Bangkok Post

Upbeat PMIs add to global optimism

Bumper orders in China and Europe

- JONATHAN CABLE

LONDON: A flood of new orders gave a boost to European and Chinese firms in September, according to a clutch of surveys which added to evidence that the global economy is healing.

Upbeat purchasing managers’ indexes, surveying thousands of companies across the globe, come ahead of figures for the US factory sector which are expected to show the world’s largest economy is also continuing to recover.

‘‘The global economy is gathering momentum ... growth is strengthen­ing. Euro zone economies are gradually emerging into a recovery that is sustainabl­e,’’ said Philip Shaw at Investec. ‘‘(And) it’s fairly clear from its performanc­e so far in 2013 that the US recovery has gained some traction in the face of some fairly heavy fiscal challenges.’
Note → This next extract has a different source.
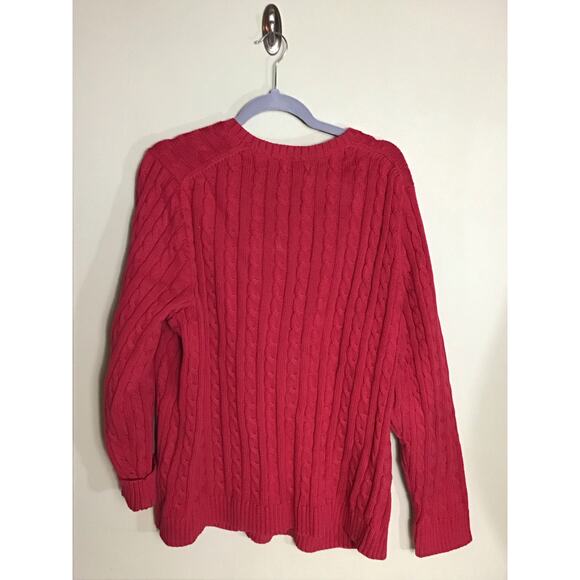 LL Bean Women Cable Knit Fisherman Sweater Sz.2X Red Wool Heavyweight Cardigan - Picture 3 of 10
Survey firm Markit’s Euro Zone Flash Composite Purchasing Managers’ Index (PMI) jumped to 52.1 from last month’s 51.5, its highest since June 2011 and beating expectatio­ns for a reading of 51.9. A reading above 50 indicates growth. The pace of expansion in the bloc’s dominant services sector also beat all forecasts in a Reuters poll and the surveys suggested the recovery was becoming more broad-based.

Business at firms in Germany, Europe’s largest economy, expanded at a faster pace than last month and in France, the second biggest, activity increased — albeit marginally — for the first time in 19 months.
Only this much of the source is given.